Novel Approach to Track the Lifecycle of Inflammation from Chemokine Expression to Inflammatory Proteins in Sweat Using Electrochemical Biosensor

Abstract Inflammatory biomarkers are modulated during the course of any infectious disease, and currently, there is no wearable technology that enables patient management through noninvasive monitoring of these markers. This work is the first demonstration of the discovery and quantification of interferon‐inducible protein (IP‐10) and tumor necrosis factor‐related apoptosis‐inducing ligand (TRAIL), two key prognostic markers of infection in human sweat.
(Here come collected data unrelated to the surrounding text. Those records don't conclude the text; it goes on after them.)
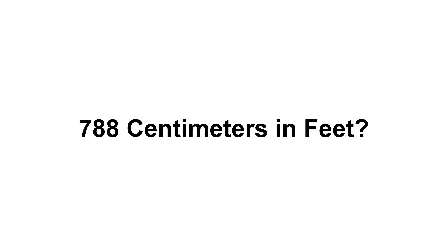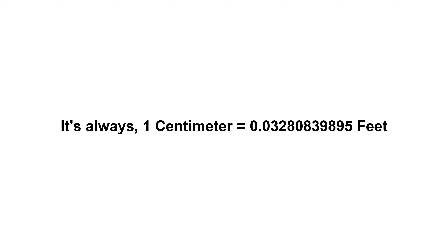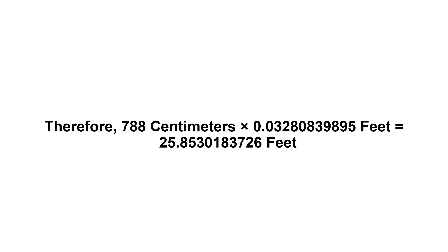788 centimeters in feet. First of all, we need to know the value of 1 centimeter in feet. 1 centimeter equals 0.03280839895 feet. Now we have to multiply 0.03280839895 by 788. Therefore, 788 centimeters times 0.03280839895 feet equals...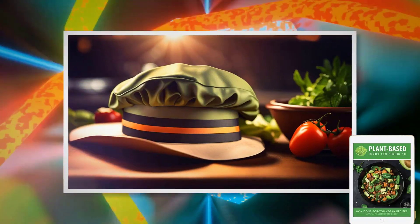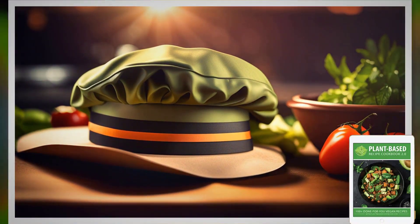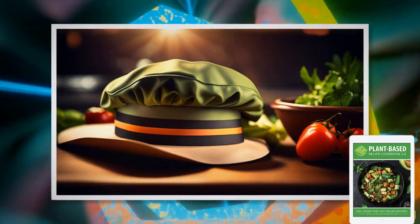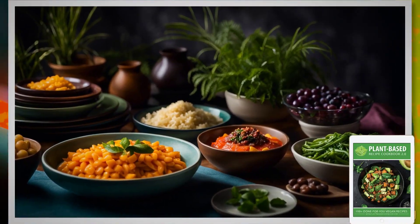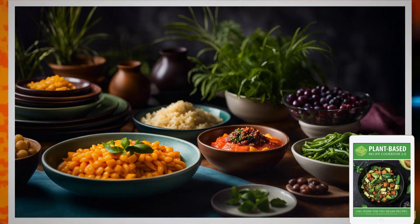Now let's talk about the cookbook itself. Does the plant-based recipe cookbook actually work? The answer is a resounding yes. This cookbook is a game-changer, offering over 100 mouth-watering recipes for everyone to enjoy.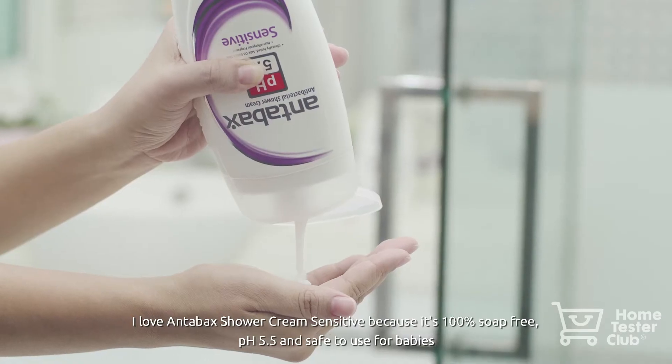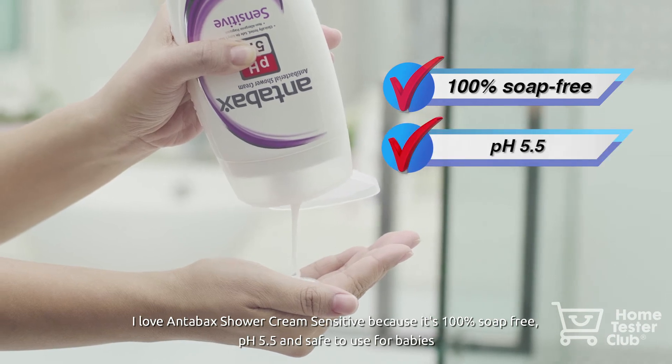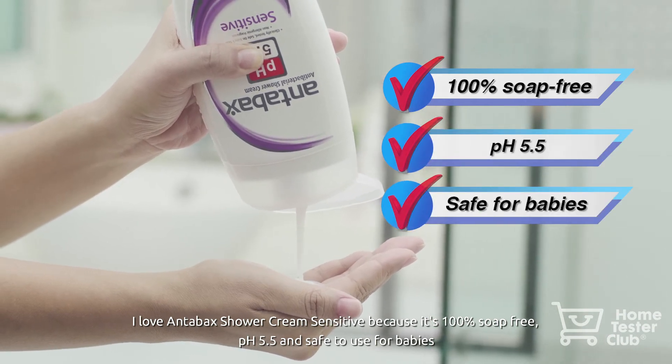I love the Antabax Shower Cream Sensitive because it's 100% soap free. It has a pH of 5.5. It's actually gentle on the skin and has been proven safe to be used on babies as well.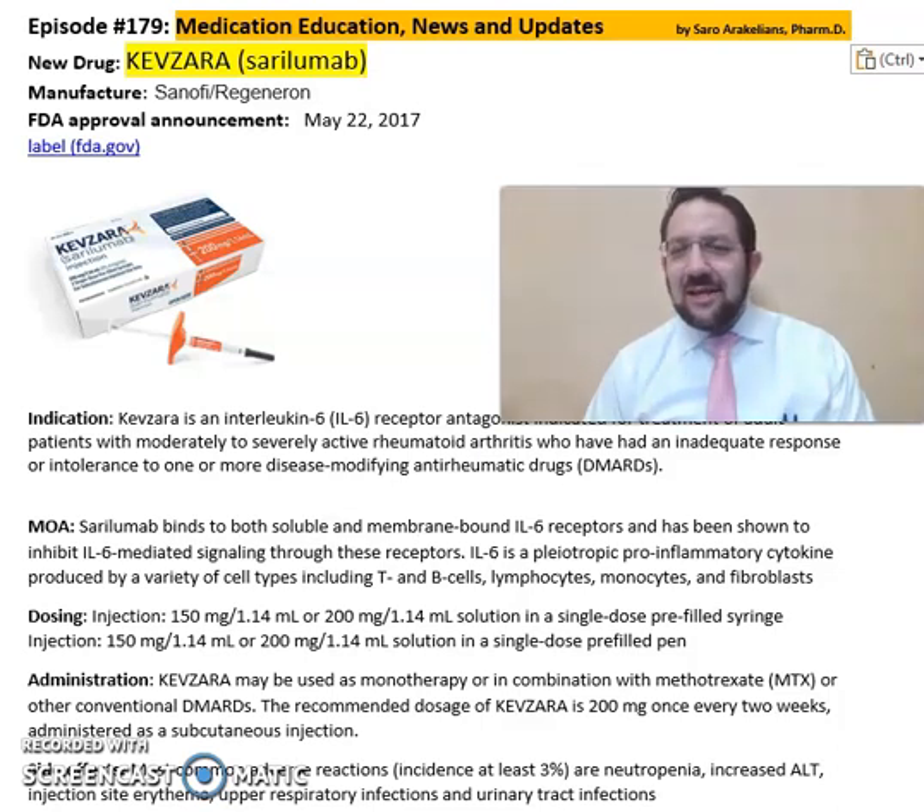Good afternoon, everyone. This is Saro, your clinical pharmacist. Welcome to another episode of Medication Education News and Update.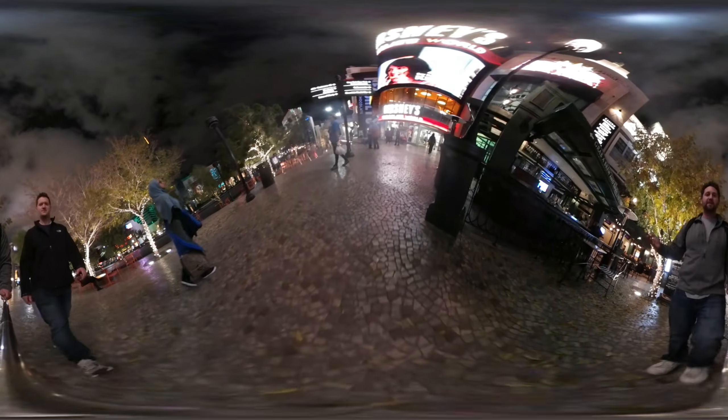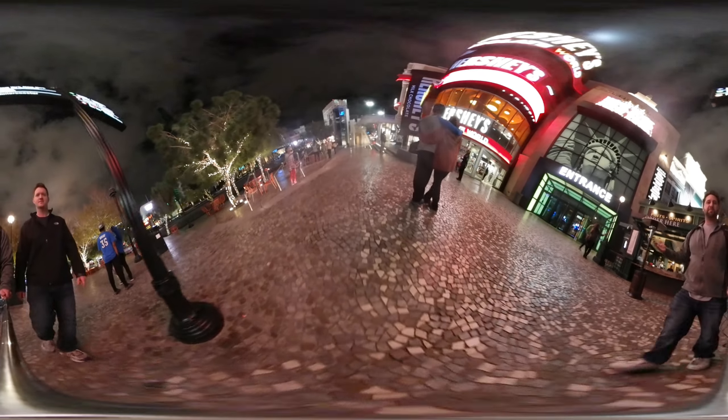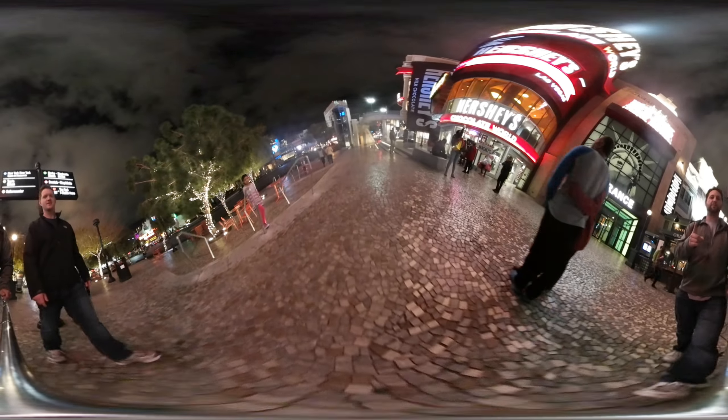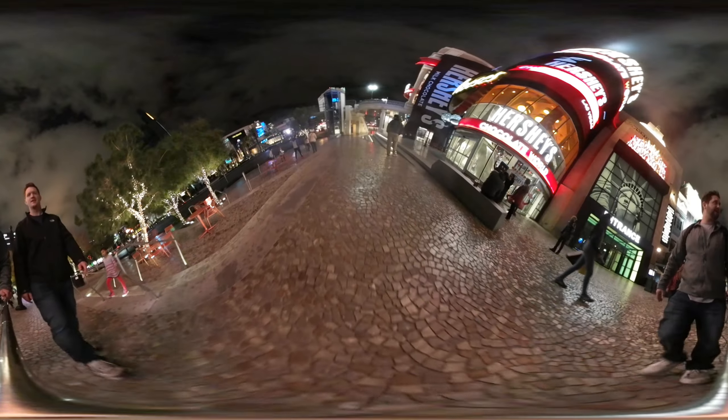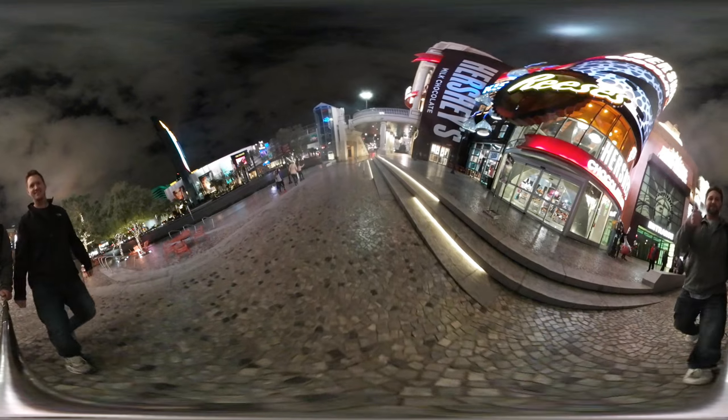We just wanted to make a video to let you guys know that we are here in Vegas for you. We're going to try to post anything we can, but everything is opening up tomorrow, so that's when we'll have a little bit more for you. Thank you so much for watching today — make sure you hit the subscribe button below and give this a like. See you guys later!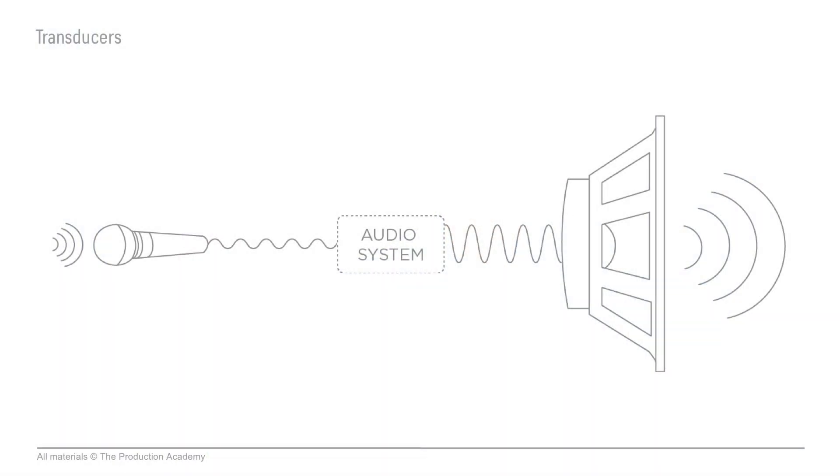The whole point of a live sound system is to take a sound, turn it into a signal, process that signal, then boost it way up so speakers can turn it back into sound waves, just way louder. Then a large audience can hear the original sound. Now of course this is way oversimplified and there are a ton of parts in that system.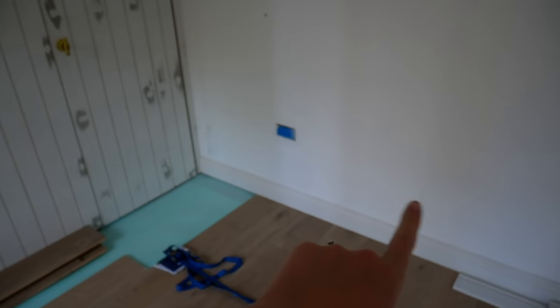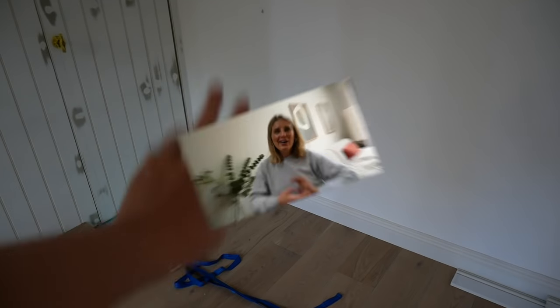That is it for this progress update on the garden office. I'll be back next time with the interiors of the space - this is the most exciting part for me, I adore styling a room. See you next time, bye!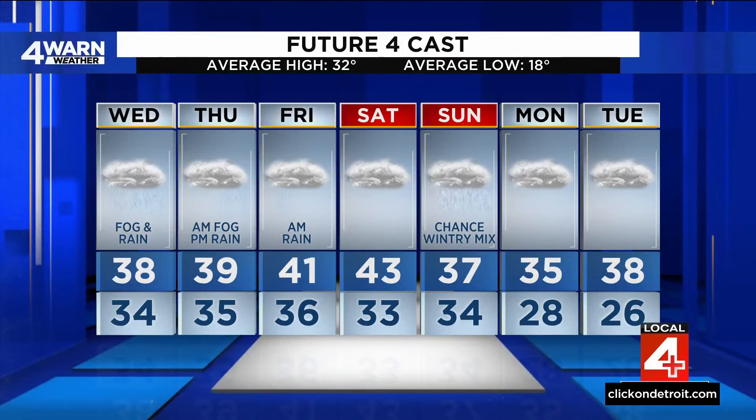We'll be right around 40 degrees to round out the week into the upcoming weekend. There's a chance for a mixed Sunday, but then even warmer temperatures by the end of next week. We'll have more after the break.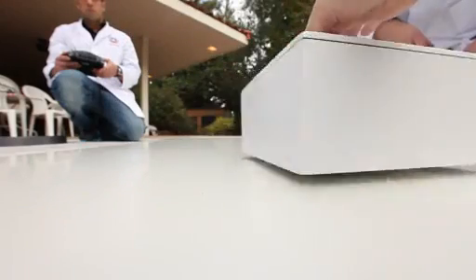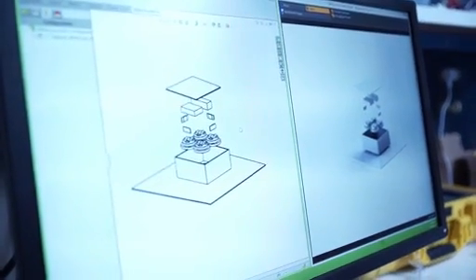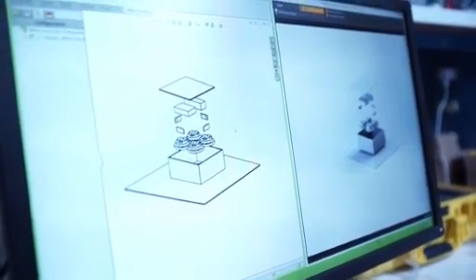One of the options is the Hendo developer kit — the white box. Inside, you'll find a hover engine that you can use to hover whatever you like. You no longer need to be a scientist in the lab to be a part of building the future.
The levels of IP‐10 and TRAIL in sweat are quantified, validated, and confirmed using a standard reference method through preclinical human subject studies. Additionally, simultaneous and continuous detection of IP‐10, TRAIL, and C‐reactive protein (CRP), for infection monitoring in sweat using a wearable SWEATSENSER device is demonstrated. The SWEATSENSER is ultrasensitive with a limit of detection of 1 pg mL −1 (IP‐10 and TRAIL), 0.2 ng mL −1 (CRP) with a wide dynamic range. Bland–Altman analysis demonstrates good agreement between SWEATSENSER and standard reference methods through human subject studies. Serum to sweat relationship demonstrates the potential of the SWEATSENSER to track infection etiology.